● Requirement: Starting with the first line below, extract each line through the one that contains "Kırklareli Lüleburgaz Evrensekiz", inclusive, excluding pictures.

= = = =

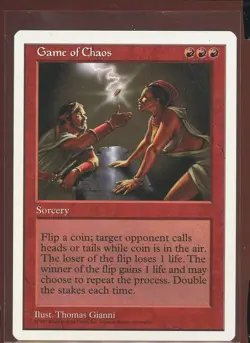 Game of Chaos Rare 5th Edition LP Magic the Gathering MTG - Image 1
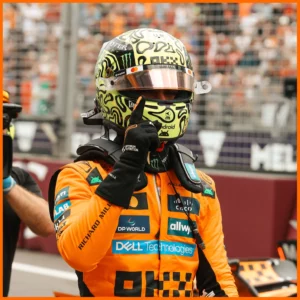 Lando Norris đội đua Mclaren ăn mừng pole GP Úc 2025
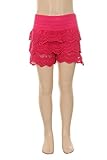 Girls' Crochet Lace Layered Shorts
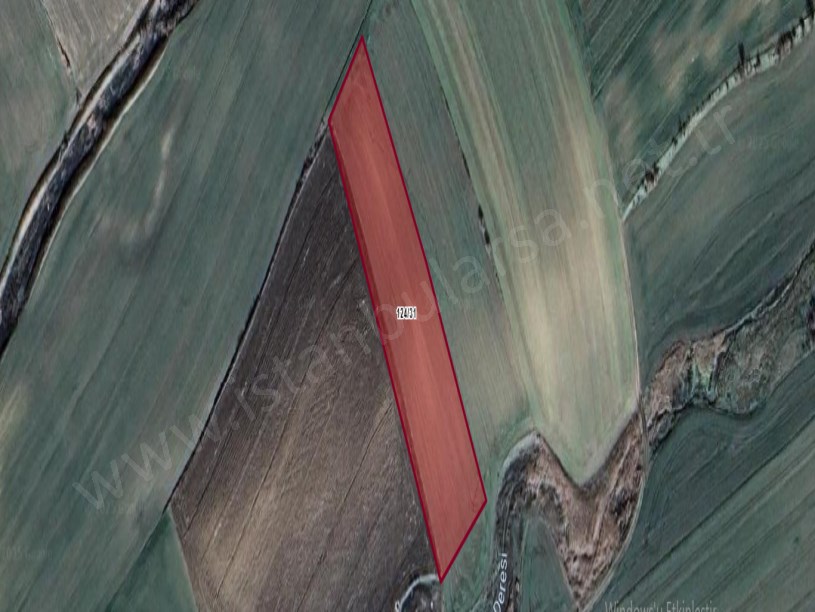 Kırklareli Lüleburgaz Evrensekiz Köyünde Satılık Arsa , 1,023 m2 Hisseli Yolu Var 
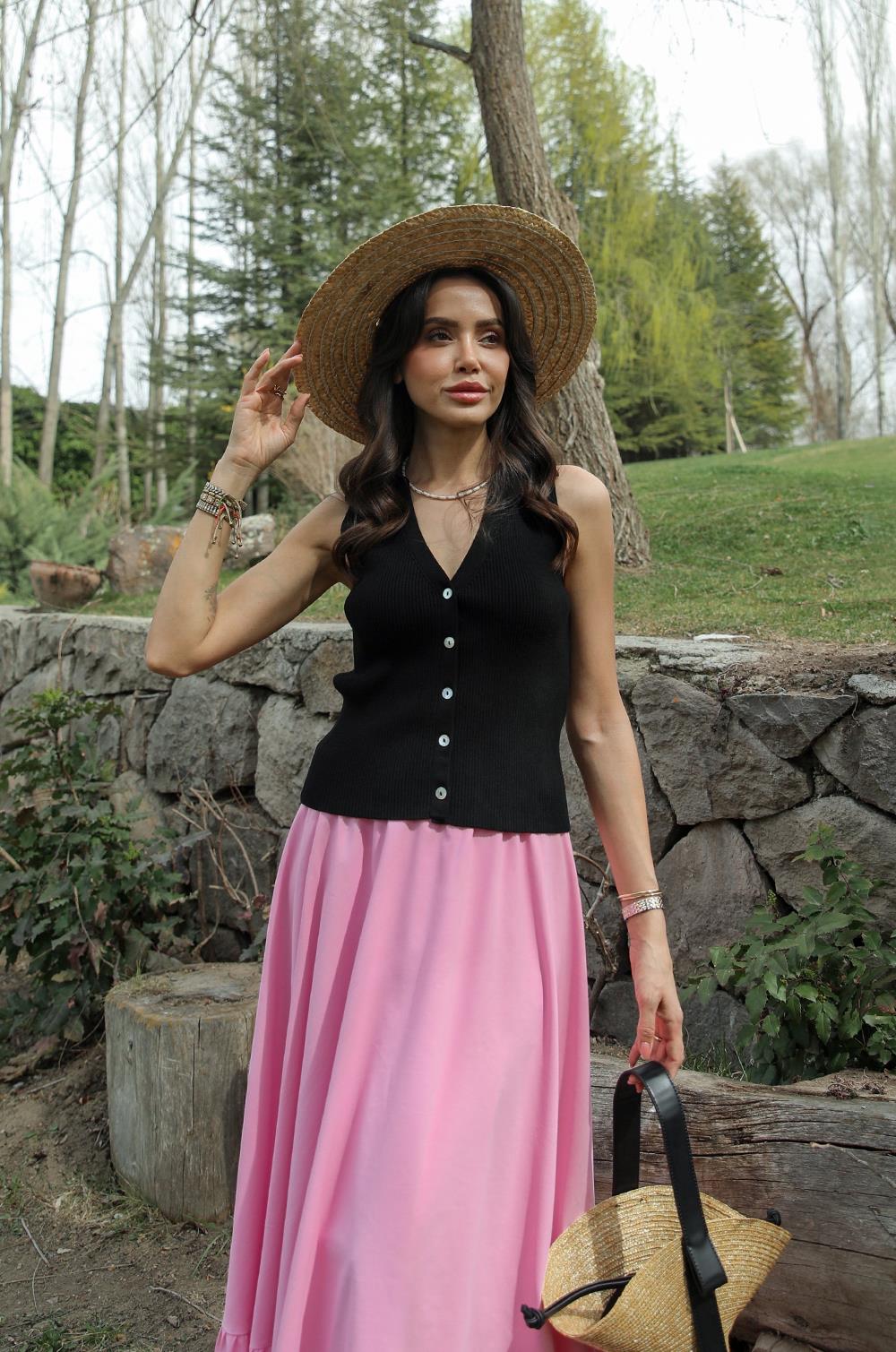 SIYAH DAVINO POLO YAKA TRIKO YELEK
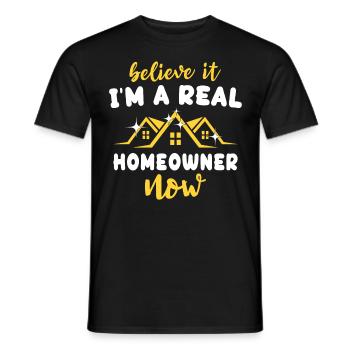 Hausbesitzer Homeowner - Männer T-Shirt - Schwarz - Vorne - AI Model Male 178 light (178cm)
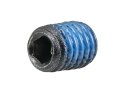 Fastener Trek M6x1.0x8mm Set Screw Blue Nylock Black Oxide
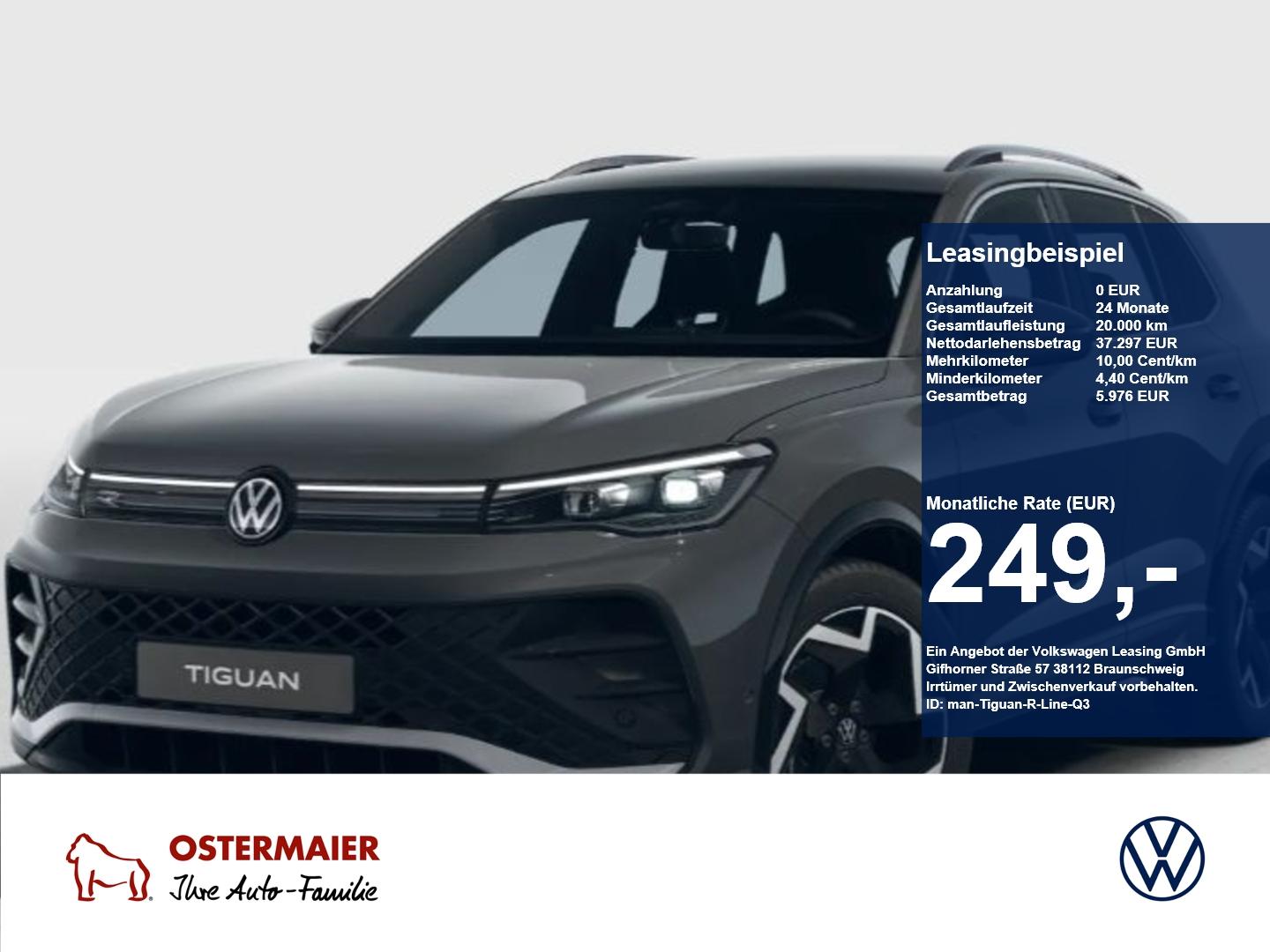 Volkswagen Tiguan R-Line 1.5eTSI 150PS DSG SHZG,LED,ACC,19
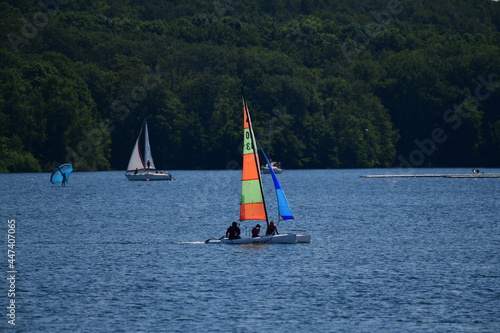 sailboat on the lake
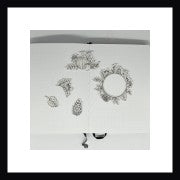 Autumn Days Junk Journal Kit includes 5 black and white glossy clear stickers.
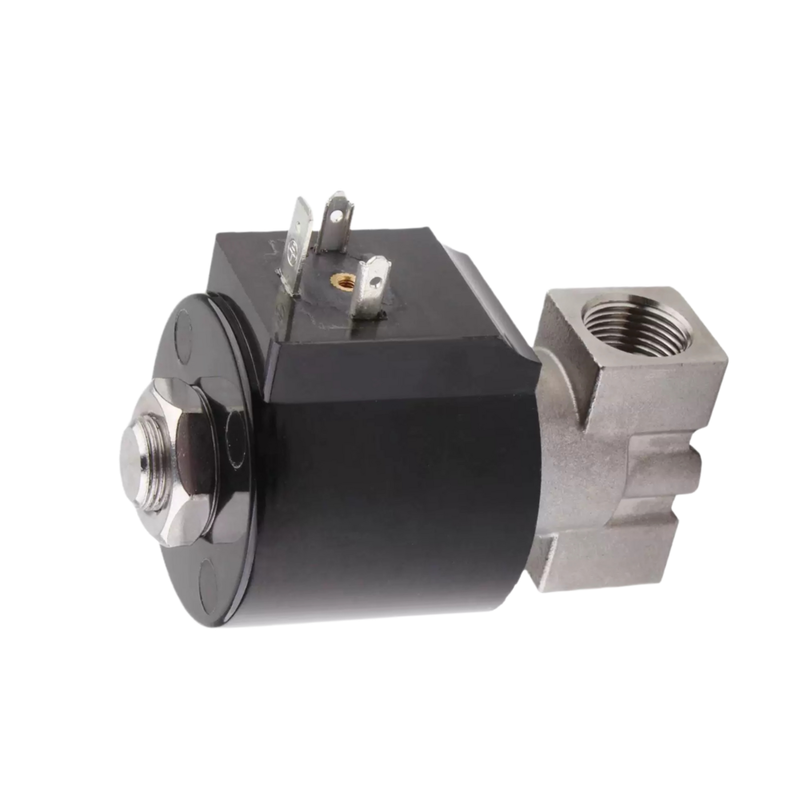 8.7AAS025B ステンレススチール304 エアバルブ 3/8 1/4 3/8 ポートサイズ PTFEシール材料 孔サイズ 2.5mm 24VAC 電圧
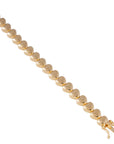 FAIRLEY | GOLDEN HEART TENNIS BRACELET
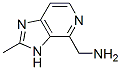 3H-이미다조[4,5-c]피리딘-4-메탄아민,2-메틸- 구조식 이미지
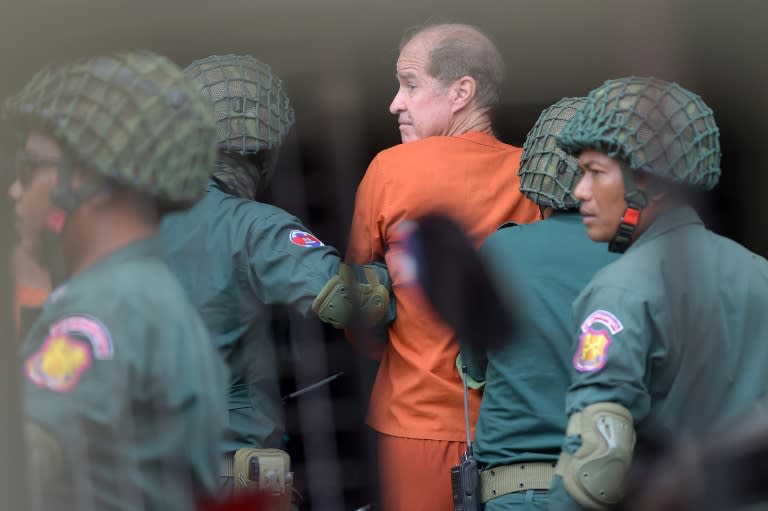 James Ricketson was arrested by Cambodian authorities in June last year and later charged with espionage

= = = =

● Reply:
 Game of Chaos Rare 5th Edition LP Magic the Gathering MTG - Image 1
 Lando Norris đội đua Mclaren ăn mừng pole GP Úc 2025
 Girls' Crochet Lace Layered Shorts
 Kırklareli Lüleburgaz Evrensekiz Köyünde Satılık Arsa , 1,023 m2 Hisseli Yolu Var 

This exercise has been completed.